本章节根据源代码分析Spark Structured Streaming(Spark2.4)在进行DataSourceProvider查找的流程,首先,我们看下读取流数据源kafka的代码:

        SparkSession sparkSession = SparkSession.builder().getOrCreate();
        Dataset<Row> sourceDataset = sparkSession.readStream().format("kafka").option("xxx", "xxx").load();

sparkSession.readStream()返回的对象是DataSourceReader

DataSourceReader(https://github.com/apache/spark/blob/branch-2.4/sql/core/src/main/scala/org/apache/spark/sql/streaming/DataStreamReader.scala),其中上边代码中的load()方法,正是DataSourceReader的方法。

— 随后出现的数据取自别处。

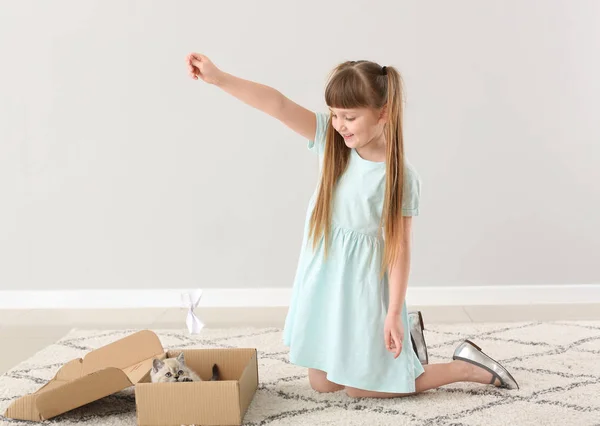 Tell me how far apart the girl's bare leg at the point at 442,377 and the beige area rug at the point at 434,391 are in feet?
0.08

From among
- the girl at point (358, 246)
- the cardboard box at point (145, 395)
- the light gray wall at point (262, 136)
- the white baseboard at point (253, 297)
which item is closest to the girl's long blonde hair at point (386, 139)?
the girl at point (358, 246)

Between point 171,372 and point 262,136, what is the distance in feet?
4.40

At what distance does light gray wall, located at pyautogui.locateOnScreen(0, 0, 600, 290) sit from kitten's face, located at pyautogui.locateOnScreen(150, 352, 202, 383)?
1.22 m

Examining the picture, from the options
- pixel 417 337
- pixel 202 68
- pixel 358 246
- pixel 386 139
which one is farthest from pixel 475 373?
pixel 202 68

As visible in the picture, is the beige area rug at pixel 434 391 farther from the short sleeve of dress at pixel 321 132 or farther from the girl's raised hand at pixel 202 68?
the girl's raised hand at pixel 202 68

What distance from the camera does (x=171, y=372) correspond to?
173 centimetres

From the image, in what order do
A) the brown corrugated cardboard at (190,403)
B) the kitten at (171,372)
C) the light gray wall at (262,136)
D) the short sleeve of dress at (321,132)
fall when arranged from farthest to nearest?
1. the light gray wall at (262,136)
2. the short sleeve of dress at (321,132)
3. the kitten at (171,372)
4. the brown corrugated cardboard at (190,403)

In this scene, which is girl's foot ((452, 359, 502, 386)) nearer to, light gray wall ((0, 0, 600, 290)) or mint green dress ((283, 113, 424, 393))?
mint green dress ((283, 113, 424, 393))

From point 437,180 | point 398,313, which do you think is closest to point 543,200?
point 437,180

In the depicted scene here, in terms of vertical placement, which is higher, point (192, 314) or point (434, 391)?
point (192, 314)

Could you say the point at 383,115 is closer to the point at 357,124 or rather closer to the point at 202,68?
the point at 357,124

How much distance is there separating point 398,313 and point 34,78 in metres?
1.85

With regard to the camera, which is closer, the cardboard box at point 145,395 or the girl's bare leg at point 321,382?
the cardboard box at point 145,395

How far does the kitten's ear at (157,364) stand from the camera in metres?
1.75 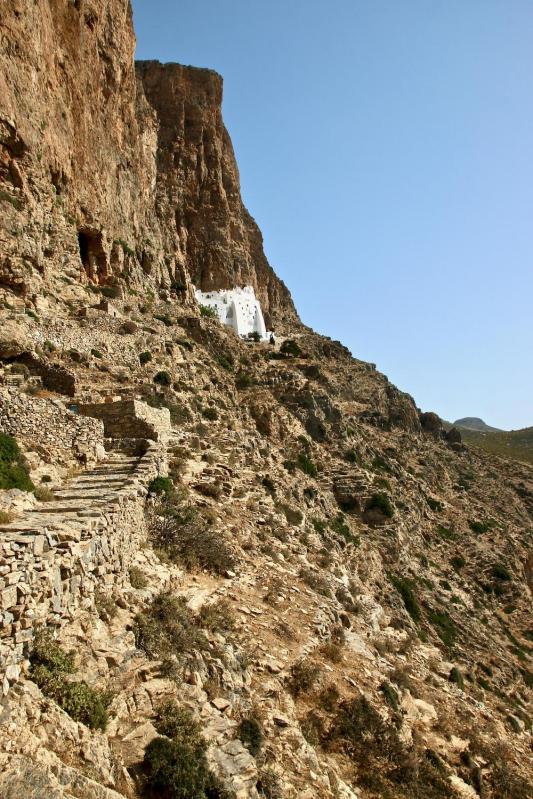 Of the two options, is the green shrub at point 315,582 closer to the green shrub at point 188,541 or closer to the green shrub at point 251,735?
the green shrub at point 188,541

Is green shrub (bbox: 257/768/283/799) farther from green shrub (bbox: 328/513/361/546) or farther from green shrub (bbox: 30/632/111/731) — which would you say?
green shrub (bbox: 328/513/361/546)

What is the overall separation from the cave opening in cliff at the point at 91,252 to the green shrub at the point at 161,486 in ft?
80.8

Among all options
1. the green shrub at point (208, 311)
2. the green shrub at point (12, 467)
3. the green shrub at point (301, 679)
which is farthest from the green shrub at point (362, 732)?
the green shrub at point (208, 311)

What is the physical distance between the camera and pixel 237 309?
6275 centimetres

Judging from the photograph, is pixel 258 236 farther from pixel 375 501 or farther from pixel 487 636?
pixel 487 636

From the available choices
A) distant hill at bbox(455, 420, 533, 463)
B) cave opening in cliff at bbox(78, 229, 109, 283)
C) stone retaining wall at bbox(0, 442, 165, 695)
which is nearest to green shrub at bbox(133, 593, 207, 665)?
stone retaining wall at bbox(0, 442, 165, 695)

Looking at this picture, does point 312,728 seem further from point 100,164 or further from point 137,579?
point 100,164

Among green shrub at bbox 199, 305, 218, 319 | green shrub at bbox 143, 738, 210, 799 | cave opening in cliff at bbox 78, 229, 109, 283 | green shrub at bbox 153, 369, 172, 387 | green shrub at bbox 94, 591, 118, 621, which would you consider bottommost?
green shrub at bbox 143, 738, 210, 799

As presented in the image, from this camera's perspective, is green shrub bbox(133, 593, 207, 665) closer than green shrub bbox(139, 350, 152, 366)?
Yes

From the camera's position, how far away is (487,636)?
82.9 feet

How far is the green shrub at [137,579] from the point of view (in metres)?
8.09

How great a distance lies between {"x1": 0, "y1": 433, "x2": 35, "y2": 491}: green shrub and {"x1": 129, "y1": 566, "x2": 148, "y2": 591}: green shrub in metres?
2.69

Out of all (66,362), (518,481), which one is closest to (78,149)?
(66,362)

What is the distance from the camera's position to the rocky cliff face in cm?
2634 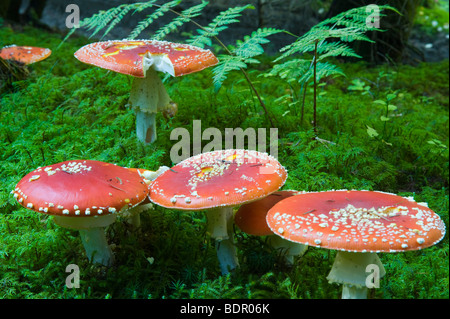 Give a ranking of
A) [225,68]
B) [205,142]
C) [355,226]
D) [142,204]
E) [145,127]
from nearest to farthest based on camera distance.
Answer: [355,226], [142,204], [225,68], [145,127], [205,142]

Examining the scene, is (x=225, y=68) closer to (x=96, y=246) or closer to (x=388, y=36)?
(x=96, y=246)

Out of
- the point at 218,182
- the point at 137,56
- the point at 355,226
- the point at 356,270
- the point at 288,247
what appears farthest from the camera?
the point at 137,56

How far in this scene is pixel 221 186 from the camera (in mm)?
2279

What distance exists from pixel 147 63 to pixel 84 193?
1422 mm

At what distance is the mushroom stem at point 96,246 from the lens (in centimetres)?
261

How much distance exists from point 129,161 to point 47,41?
4056mm

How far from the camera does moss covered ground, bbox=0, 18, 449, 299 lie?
2.60m

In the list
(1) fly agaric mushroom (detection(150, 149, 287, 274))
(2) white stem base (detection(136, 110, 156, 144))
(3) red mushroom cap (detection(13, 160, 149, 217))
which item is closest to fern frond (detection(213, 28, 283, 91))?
(2) white stem base (detection(136, 110, 156, 144))

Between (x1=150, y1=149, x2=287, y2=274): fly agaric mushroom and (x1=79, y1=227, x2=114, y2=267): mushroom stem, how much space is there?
0.47 m

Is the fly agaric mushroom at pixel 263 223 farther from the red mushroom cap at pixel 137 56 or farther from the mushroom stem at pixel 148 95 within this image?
the mushroom stem at pixel 148 95

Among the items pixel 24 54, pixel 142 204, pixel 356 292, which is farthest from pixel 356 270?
pixel 24 54

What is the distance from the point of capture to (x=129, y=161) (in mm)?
3674

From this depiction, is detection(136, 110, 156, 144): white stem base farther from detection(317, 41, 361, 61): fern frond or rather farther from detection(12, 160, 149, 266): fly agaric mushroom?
detection(317, 41, 361, 61): fern frond

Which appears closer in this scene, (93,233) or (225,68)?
(93,233)
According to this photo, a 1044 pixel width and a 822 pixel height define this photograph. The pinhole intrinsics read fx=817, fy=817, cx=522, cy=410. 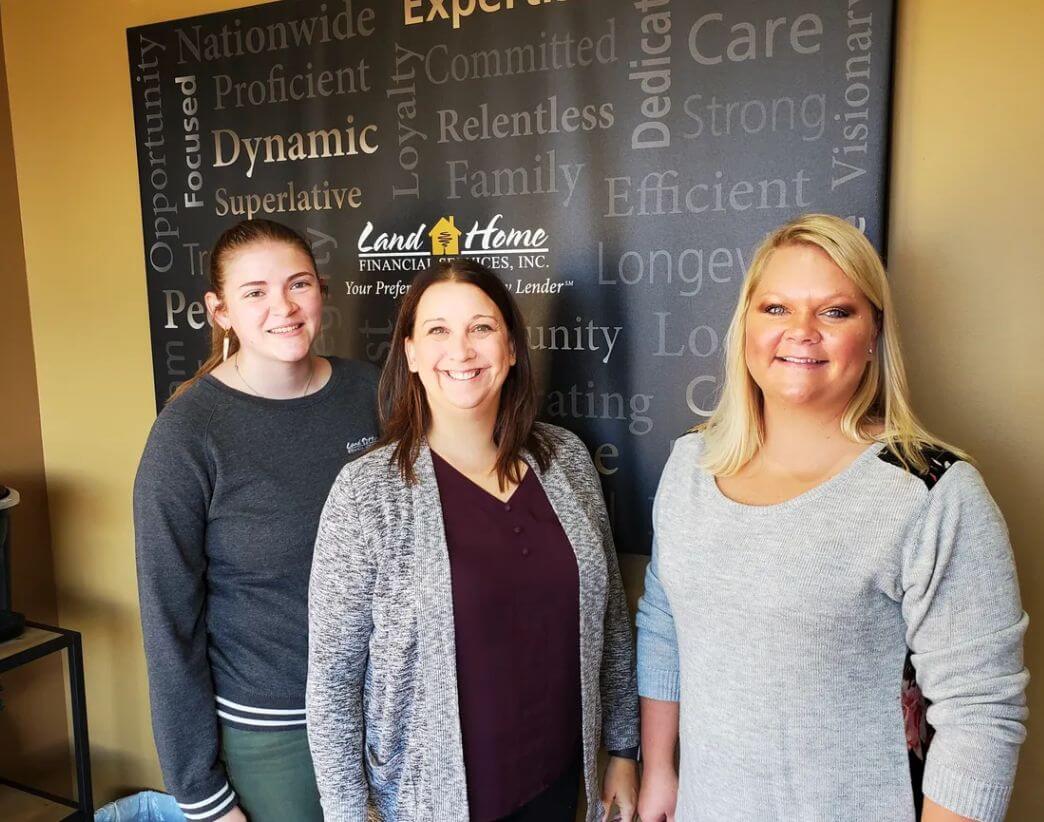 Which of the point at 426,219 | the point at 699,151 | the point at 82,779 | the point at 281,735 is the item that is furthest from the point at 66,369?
the point at 699,151

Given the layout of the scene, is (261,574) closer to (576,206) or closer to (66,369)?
(576,206)

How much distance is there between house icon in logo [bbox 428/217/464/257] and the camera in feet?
6.13

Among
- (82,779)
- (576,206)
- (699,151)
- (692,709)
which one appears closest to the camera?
(692,709)

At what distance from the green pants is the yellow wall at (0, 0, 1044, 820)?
805 mm

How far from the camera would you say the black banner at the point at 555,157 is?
1536 mm

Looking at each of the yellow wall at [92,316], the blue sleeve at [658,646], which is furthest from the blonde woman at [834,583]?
the yellow wall at [92,316]

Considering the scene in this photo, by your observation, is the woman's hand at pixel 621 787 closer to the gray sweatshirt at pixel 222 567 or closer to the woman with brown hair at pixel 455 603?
the woman with brown hair at pixel 455 603

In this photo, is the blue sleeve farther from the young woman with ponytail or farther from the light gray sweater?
the young woman with ponytail

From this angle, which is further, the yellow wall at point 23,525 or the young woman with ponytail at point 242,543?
the yellow wall at point 23,525

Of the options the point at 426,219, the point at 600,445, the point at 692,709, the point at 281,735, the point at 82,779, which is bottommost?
the point at 82,779

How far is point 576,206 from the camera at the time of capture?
174 centimetres

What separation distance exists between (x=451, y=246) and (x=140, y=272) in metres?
1.02

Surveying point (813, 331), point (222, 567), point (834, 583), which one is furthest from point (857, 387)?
point (222, 567)

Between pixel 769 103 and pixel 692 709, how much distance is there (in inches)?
43.4
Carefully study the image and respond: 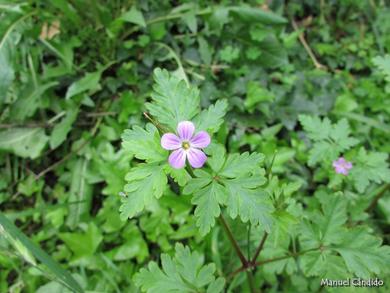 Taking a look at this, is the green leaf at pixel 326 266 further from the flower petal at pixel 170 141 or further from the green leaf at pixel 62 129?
the green leaf at pixel 62 129

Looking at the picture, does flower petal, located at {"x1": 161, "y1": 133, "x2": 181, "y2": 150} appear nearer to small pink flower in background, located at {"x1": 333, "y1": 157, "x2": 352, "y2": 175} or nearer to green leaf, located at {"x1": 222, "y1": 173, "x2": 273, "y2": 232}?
green leaf, located at {"x1": 222, "y1": 173, "x2": 273, "y2": 232}

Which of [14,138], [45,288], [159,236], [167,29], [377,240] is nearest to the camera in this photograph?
[377,240]

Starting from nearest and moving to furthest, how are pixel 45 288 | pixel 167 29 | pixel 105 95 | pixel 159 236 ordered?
pixel 45 288 → pixel 159 236 → pixel 105 95 → pixel 167 29

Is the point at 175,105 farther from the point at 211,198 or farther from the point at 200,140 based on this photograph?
the point at 211,198

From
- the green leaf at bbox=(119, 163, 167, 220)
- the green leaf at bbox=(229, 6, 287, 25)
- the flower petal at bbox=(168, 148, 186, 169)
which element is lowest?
the green leaf at bbox=(229, 6, 287, 25)

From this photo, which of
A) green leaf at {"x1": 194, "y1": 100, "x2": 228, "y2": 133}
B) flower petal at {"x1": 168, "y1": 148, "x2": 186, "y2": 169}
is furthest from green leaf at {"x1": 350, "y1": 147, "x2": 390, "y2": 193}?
flower petal at {"x1": 168, "y1": 148, "x2": 186, "y2": 169}

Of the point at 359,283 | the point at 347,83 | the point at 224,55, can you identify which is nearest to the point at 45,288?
the point at 359,283

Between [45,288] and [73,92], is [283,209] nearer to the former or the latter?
[45,288] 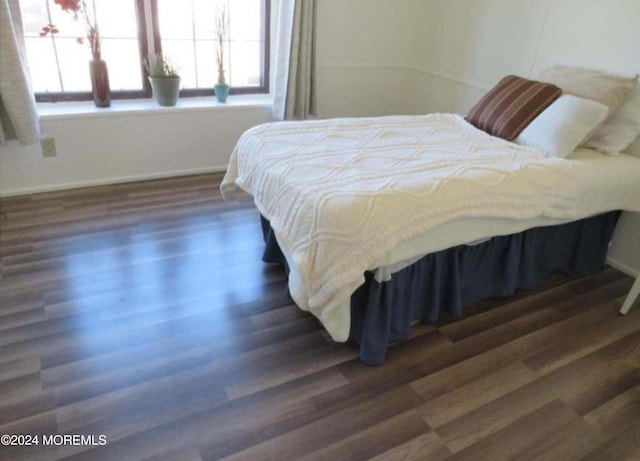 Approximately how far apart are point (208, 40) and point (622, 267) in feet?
10.6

format参数kafka在DataSourceReader中作为source属性:

@InterfaceStability.Evolving
final class DataStreamReader private[sql](sparkSession: SparkSession) extends Logging {
  /**
   * Specifies the input data source format.
   *
   * @since 2.0.0
   */
  def format(source: String): DataStreamReader = {
    this.source = source
    this
  }
。。。
}

DataSourceReader#format(source:String)中参数往往是csv/text/json/jdbc/kafka/console/socket等

DataSourceReader#load()方法

  /**
   * Loads input data stream in as a `DataFrame`, for data streams that don‘t require a path
   * (e.g. external key-value stores).
   *
   * @since 2.0.0
   */
  def load(): DataFrame = {
    if (source.toLowerCase(Locale.ROOT) == DDLUtils.HIVE_PROVIDER) {
      throw new AnalysisException("Hive data source can only be used with tables, you can not " +
        "read files of Hive data source directly.")
    }

    val ds = DataSource.lookupDataSource(source, sparkSession.sqlContext.conf).newInstance()
    // We need to generate the V1 data source so we can pass it to the V2 relation as a shim.
    // We can‘t be sure at this point whether we‘ll actually want to use V2, since we don‘t know the
    // writer or whether the query is continuous.
    val v1DataSource = DataSource(
      sparkSession,
      userSpecifiedSchema = userSpecifiedSchema,
      className = source,
      options = extraOptions.toMap)
    val v1Relation = ds match {
      case _: StreamSourceProvider => Some(StreamingRelation(v1DataSource))
      case _ => None
    }
    ds match {
      case s: MicroBatchReadSupport =>
        val sessionOptions = DataSourceV2Utils.extractSessionConfigs(
          ds = s, conf = sparkSession.sessionState.conf)
        val options = sessionOptions ++ extraOptions
        val dataSourceOptions = new DataSourceOptions(options.asJava)
        var tempReader: MicroBatchReader = null
        val schema = try {
          tempReader = s.createMicroBatchReader(
            Optional.ofNullable(userSpecifiedSchema.orNull),
            Utils.createTempDir(namePrefix = s"temporaryReader").getCanonicalPath,
            dataSourceOptions)
          tempReader.readSchema()
        } finally {
          // Stop tempReader to avoid side-effect thing
          if (tempReader != null) {
            tempReader.stop()
            tempReader = null
          }
        }
        Dataset.ofRows(
          sparkSession,
          StreamingRelationV2(
            s, source, options,
            schema.toAttributes, v1Relation)(sparkSession))
      case s: ContinuousReadSupport =>
        val sessionOptions = DataSourceV2Utils.extractSessionConfigs(
          ds = s, conf = sparkSession.sessionState.conf)
        val options = sessionOptions ++ extraOptions
        val dataSourceOptions = new DataSourceOptions(options.asJava)
        val tempReader = s.createContinuousReader(
          Optional.ofNullable(userSpecifiedSchema.orNull),
          Utils.createTempDir(namePrefix = s"temporaryReader").getCanonicalPath,
          dataSourceOptions)
        Dataset.ofRows(
          sparkSession,
          StreamingRelationV2(
            s, source, options,
            tempReader.readSchema().toAttributes, v1Relation)(sparkSession))
      case _ =>
        // Code path for data source v1.
        Dataset.ofRows(sparkSession, StreamingRelation(v1DataSource))
    }
  }

val ds=DataSoruce.lookupDataSource(source ,….).newInstance()用到了该source变量,要想知道ds是什么(Dataset还是其他),需要查看DataSource.lookupDataSource(source,。。。)方法实现。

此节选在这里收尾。